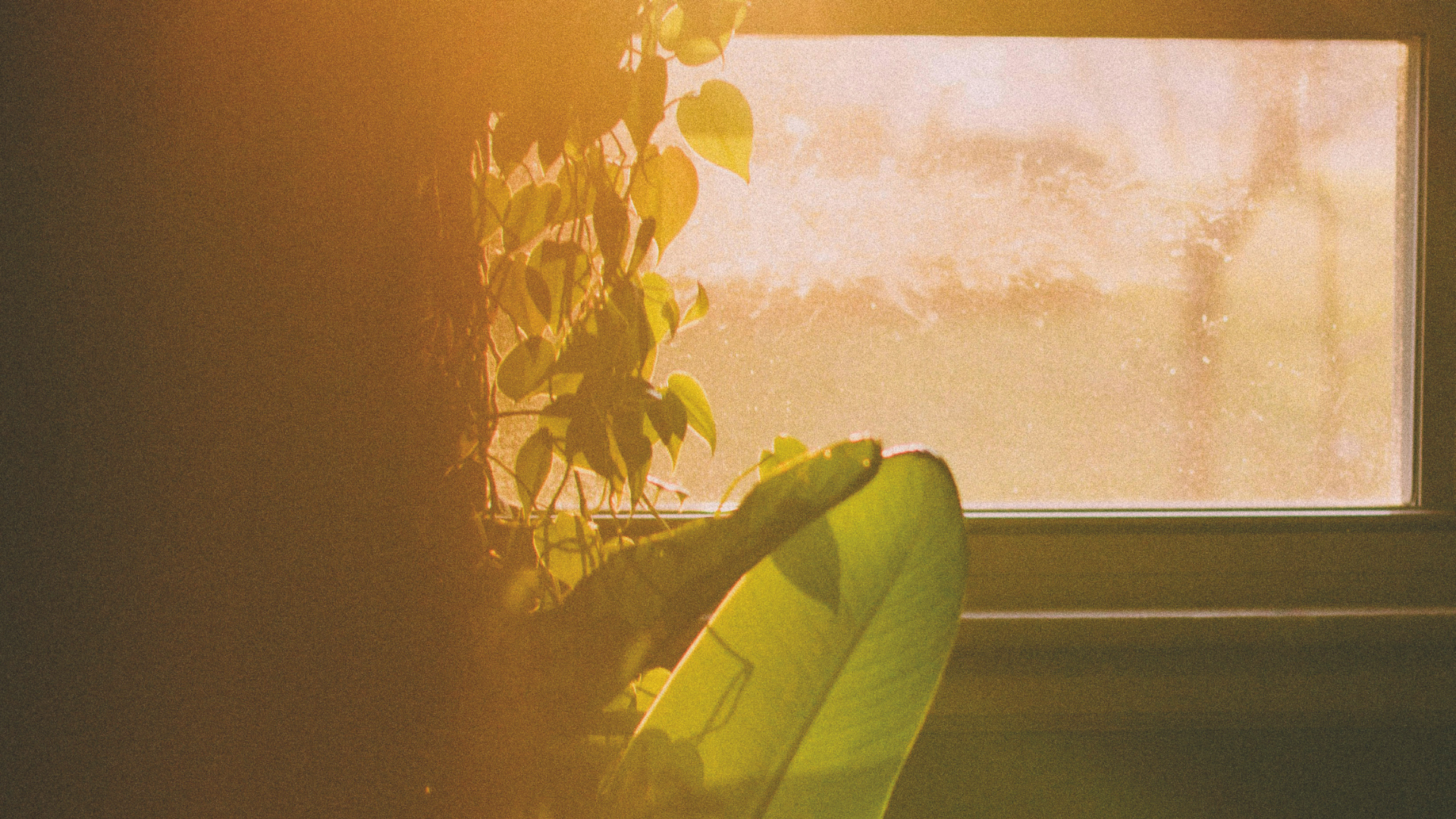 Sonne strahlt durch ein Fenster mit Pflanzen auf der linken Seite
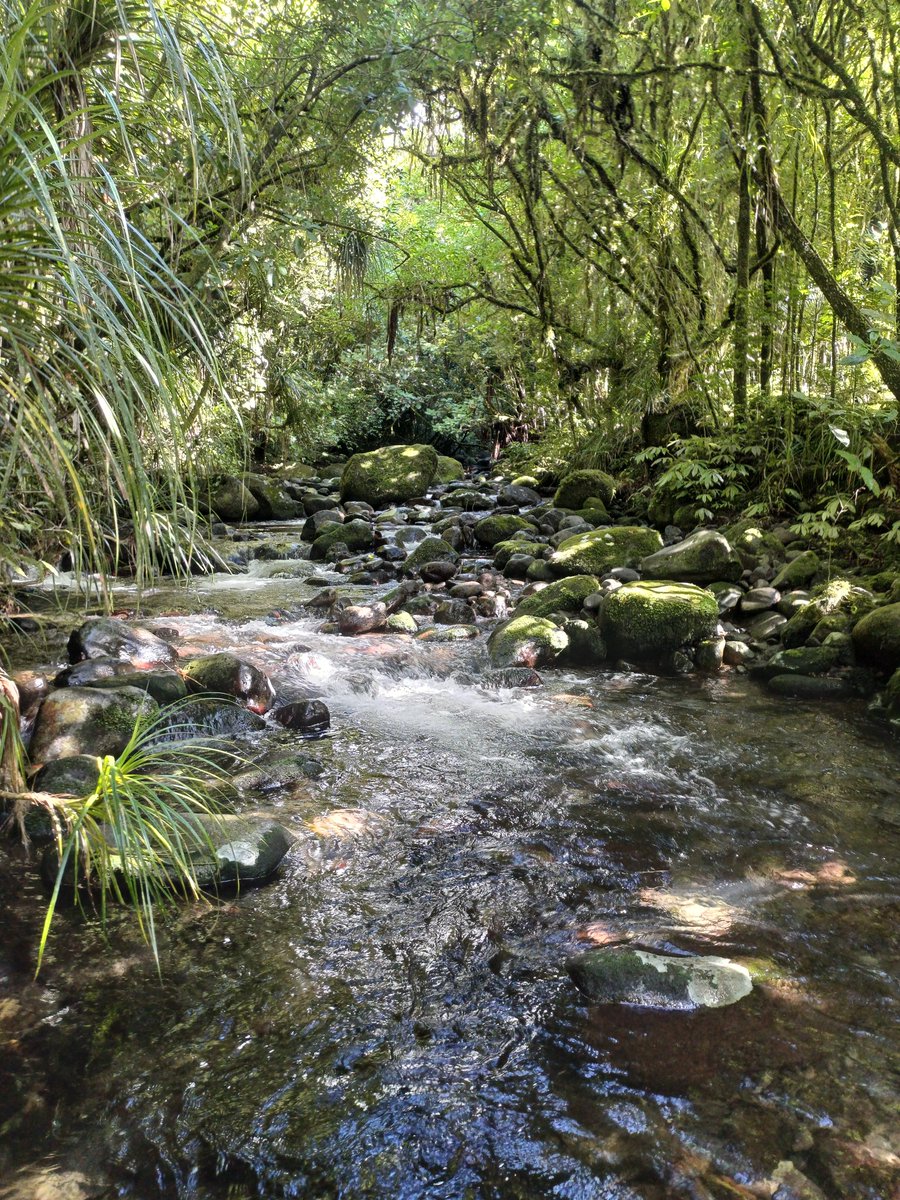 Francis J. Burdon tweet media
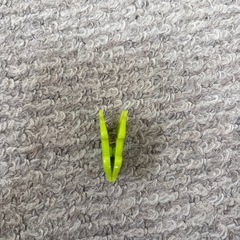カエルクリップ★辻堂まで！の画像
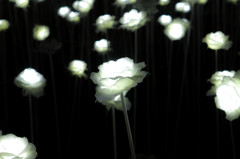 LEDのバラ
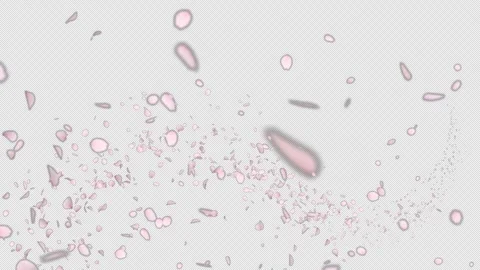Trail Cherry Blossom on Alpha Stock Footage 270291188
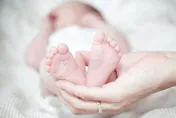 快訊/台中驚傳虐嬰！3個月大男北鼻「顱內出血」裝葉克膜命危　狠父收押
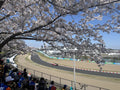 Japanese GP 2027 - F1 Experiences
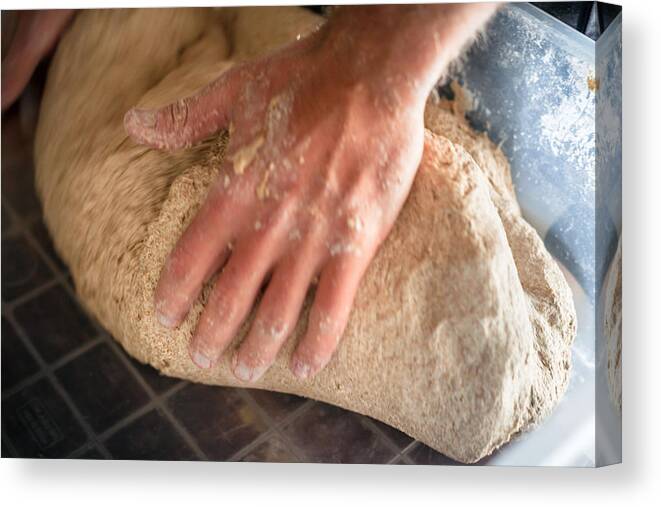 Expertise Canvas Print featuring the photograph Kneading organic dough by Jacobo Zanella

________________

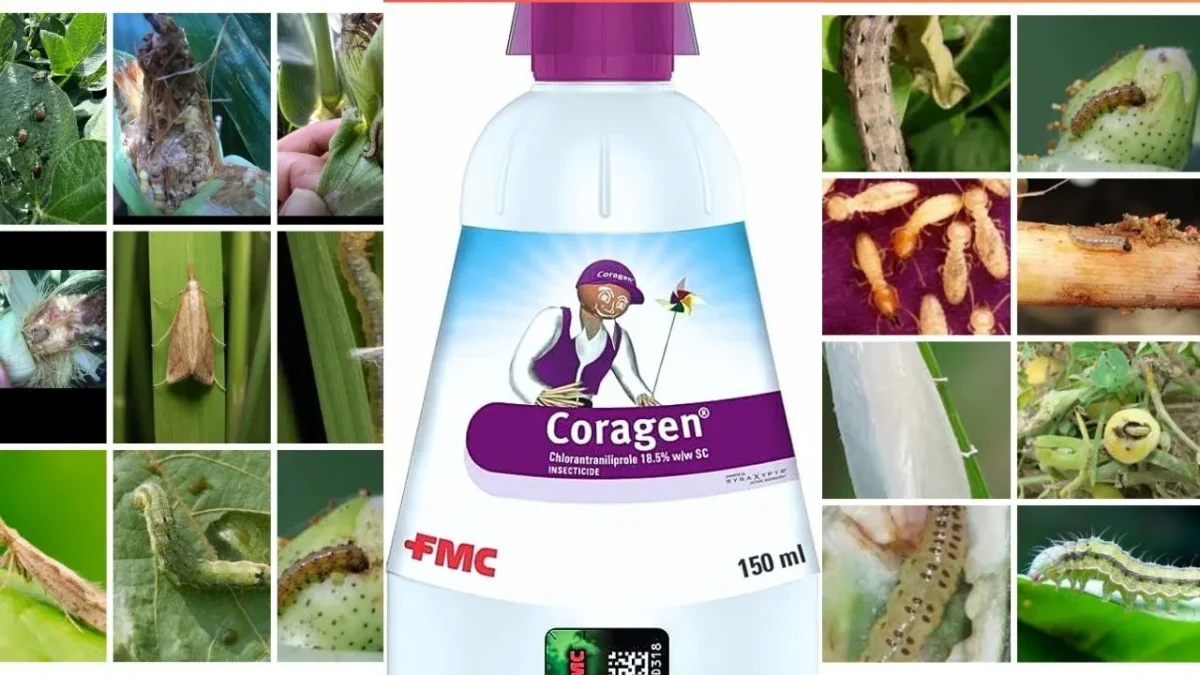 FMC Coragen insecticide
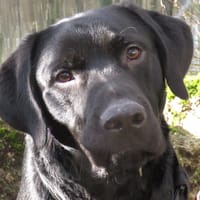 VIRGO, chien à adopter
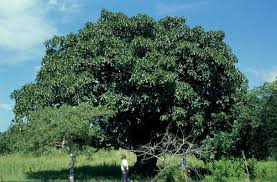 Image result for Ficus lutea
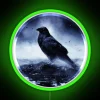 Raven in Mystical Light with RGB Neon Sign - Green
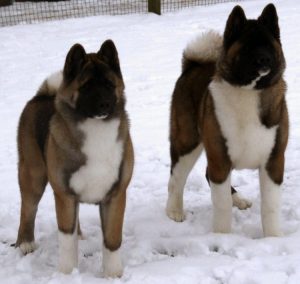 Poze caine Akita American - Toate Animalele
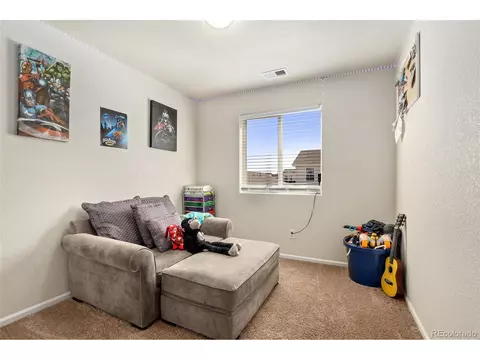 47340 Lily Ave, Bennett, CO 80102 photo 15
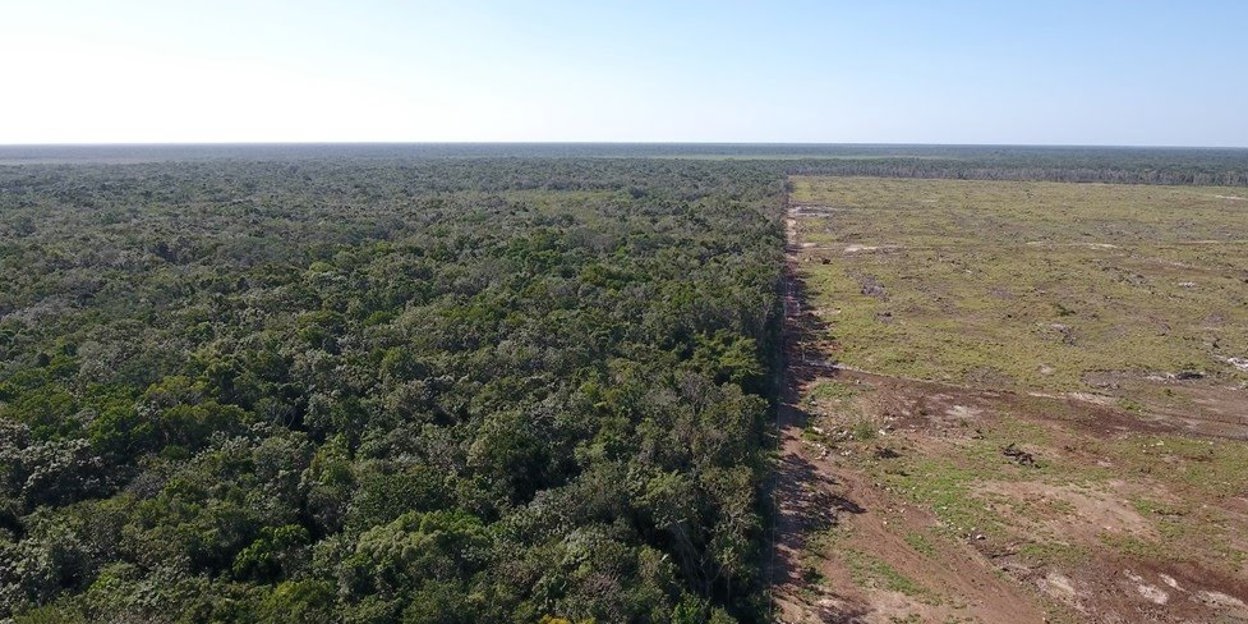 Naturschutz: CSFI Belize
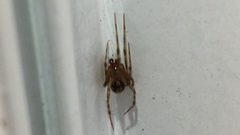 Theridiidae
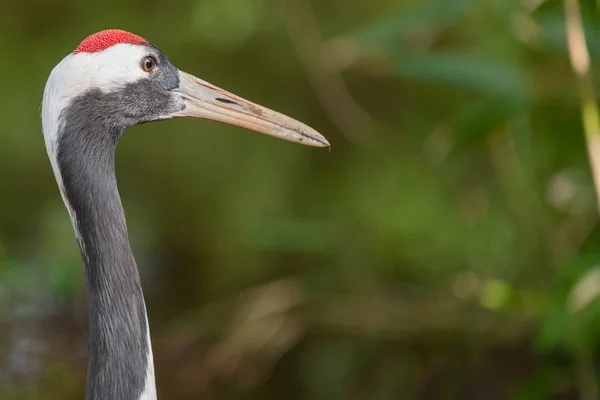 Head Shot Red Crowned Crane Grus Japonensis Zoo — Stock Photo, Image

________________

Copy the listing above exactly, but only from the line with "47340 Lily Ave, Bennett, CO 80102 photo 15" through the line with "Head Shot Red", including those two lines and excluding any picture.

## [Reply]
 47340 Lily Ave, Bennett, CO 80102 photo 15
 Naturschutz: CSFI Belize
 Theridiidae
 Head Shot Red Crowned Crane Grus Japonensis Zoo — Stock Photo, Image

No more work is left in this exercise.